*** Entries shown ***

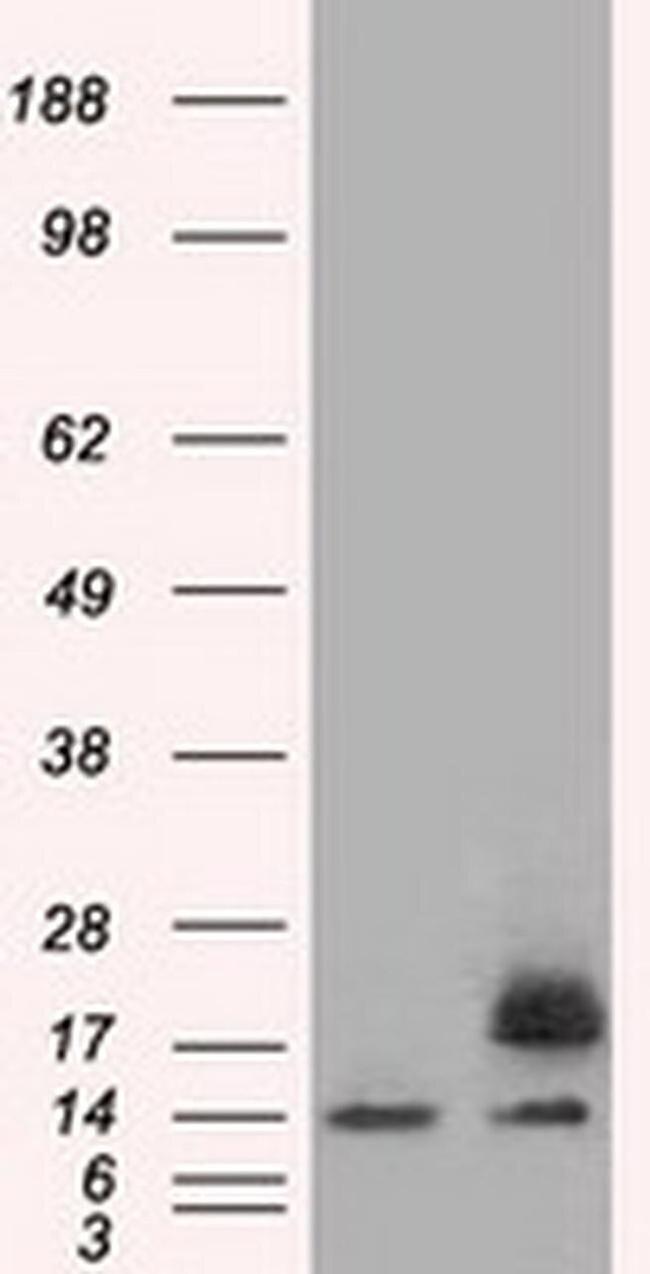 Profilin 1 Antibody in Western Blot (WB)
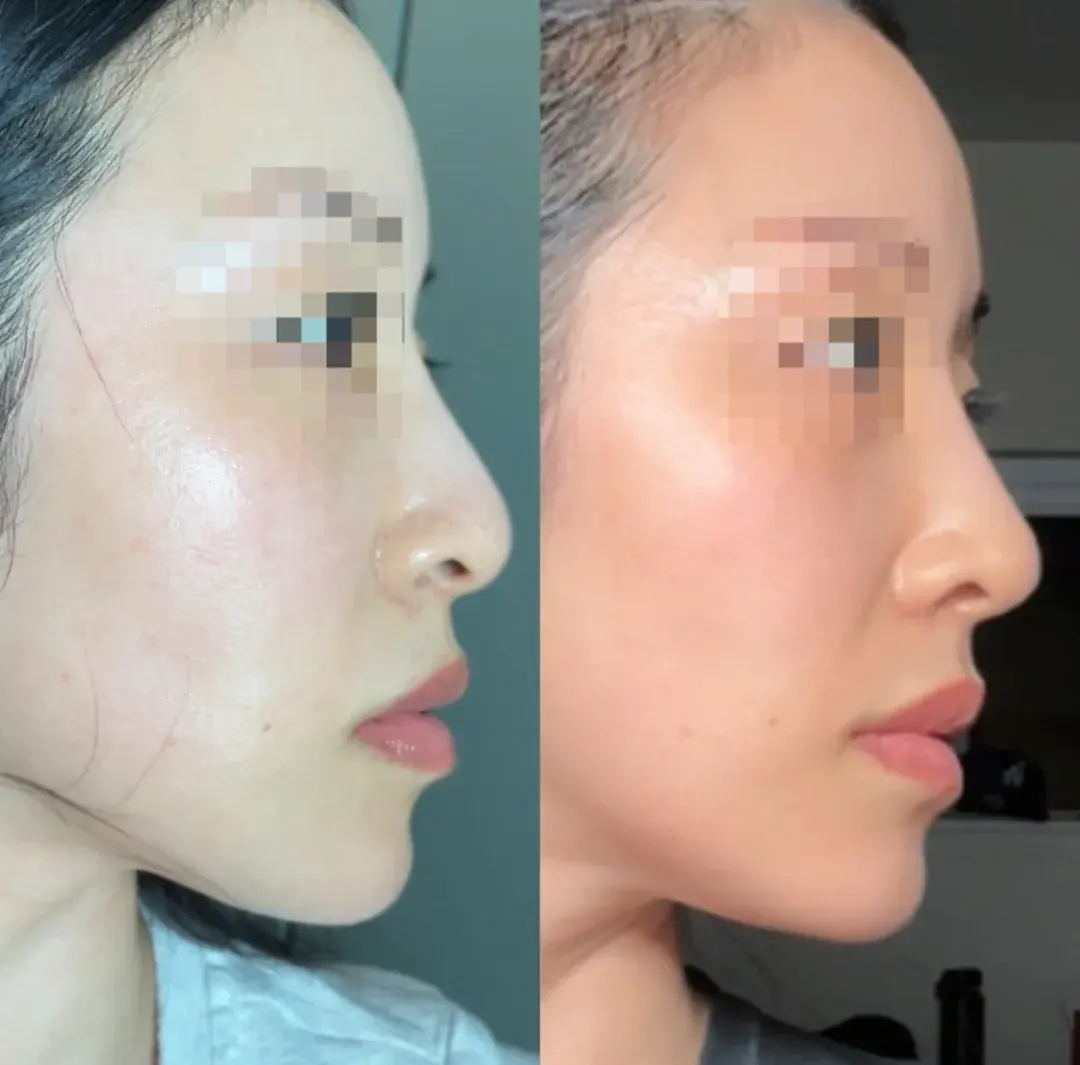RISE Plastic Surgery — 3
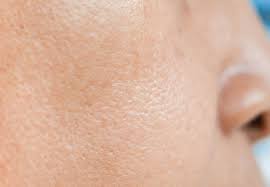7 Dermatologist Approved Tips To Shrink Your Pores – Cleveland Clinic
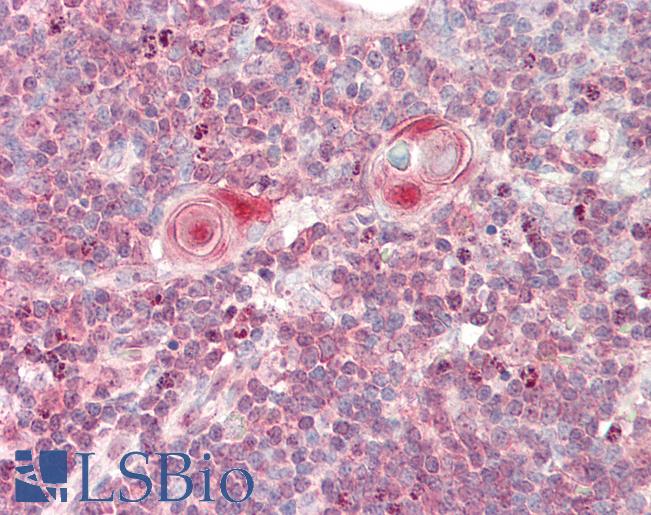 FGF9 Antibody - Human Thymus: Formalin-Fixed, Paraffin-Embedded (FFPE).  This image was taken for the unconjugated form of this product. Other forms have not been tested.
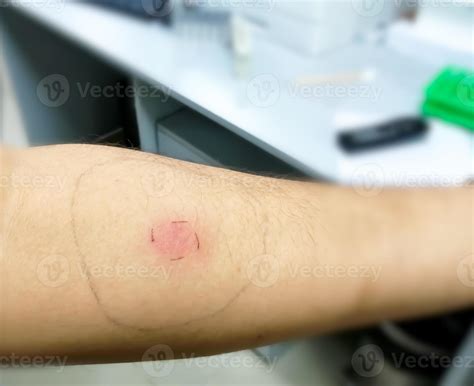 Mantoux vaccination, Closeup view photography of patient arm with red ...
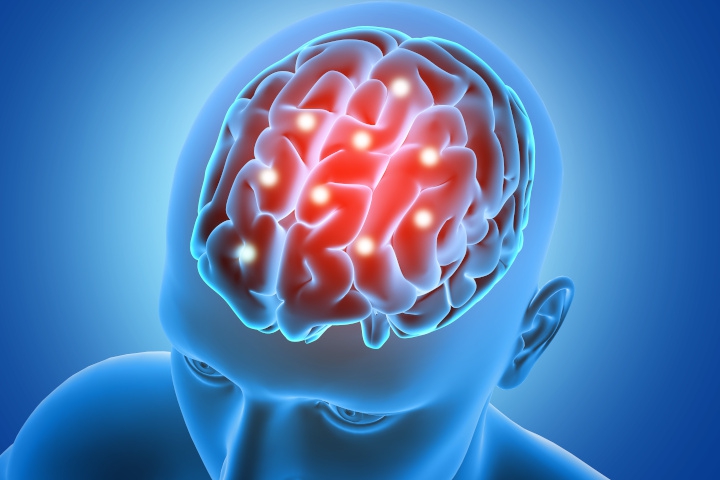 Mengenal Pendarahan Otak, Kondisi yang Dialami Tukul Arwana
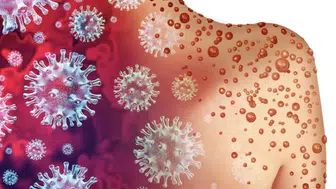 İspanya’da Alarm: Maymun Çiçeği Virüsünün En Tehlikeli Türü İlk Kez Tespit Edildi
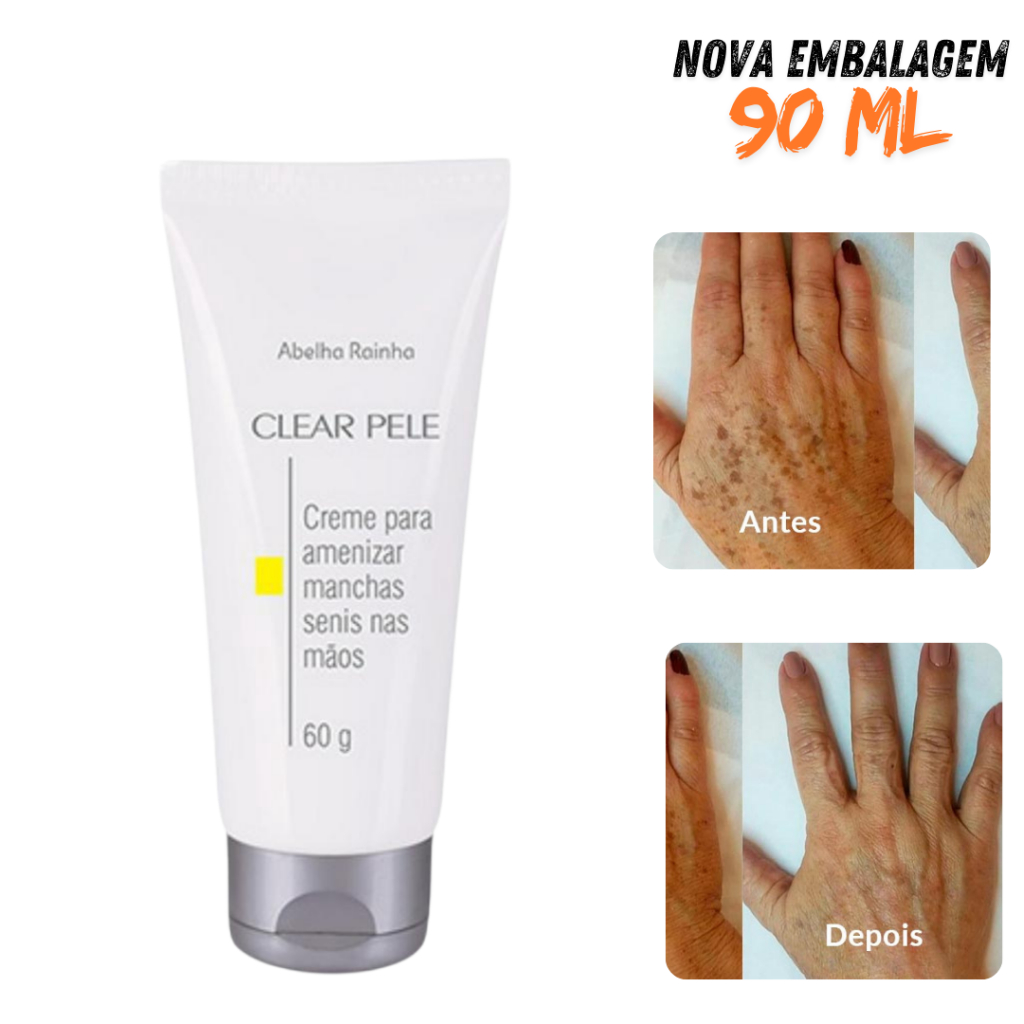 Creme Para Amenizar Marcas e Manchas Nas Mãos Senis Abelha Rainha Clear ...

*** End of Entries shown ***

-- The problem --
Leave out the pictures, and write out exactly the lines from the line containing "FGF9 Antibody - Human" through the end of the records above.

-- The answer --
 FGF9 Antibody - Human Thymus: Formalin-Fixed, Paraffin-Embedded (FFPE).  This image was taken for the unconjugated form of this product. Other forms have not been tested.
 Mantoux vaccination, Closeup view photography of patient arm with red ...
 Mengenal Pendarahan Otak, Kondisi yang Dialami Tukul Arwana
 İspanya’da Alarm: Maymun Çiçeği Virüsünün En Tehlikeli Türü İlk Kez Tespit Edildi
 Creme Para Amenizar Marcas e Manchas Nas Mãos Senis Abelha Rainha Clear ...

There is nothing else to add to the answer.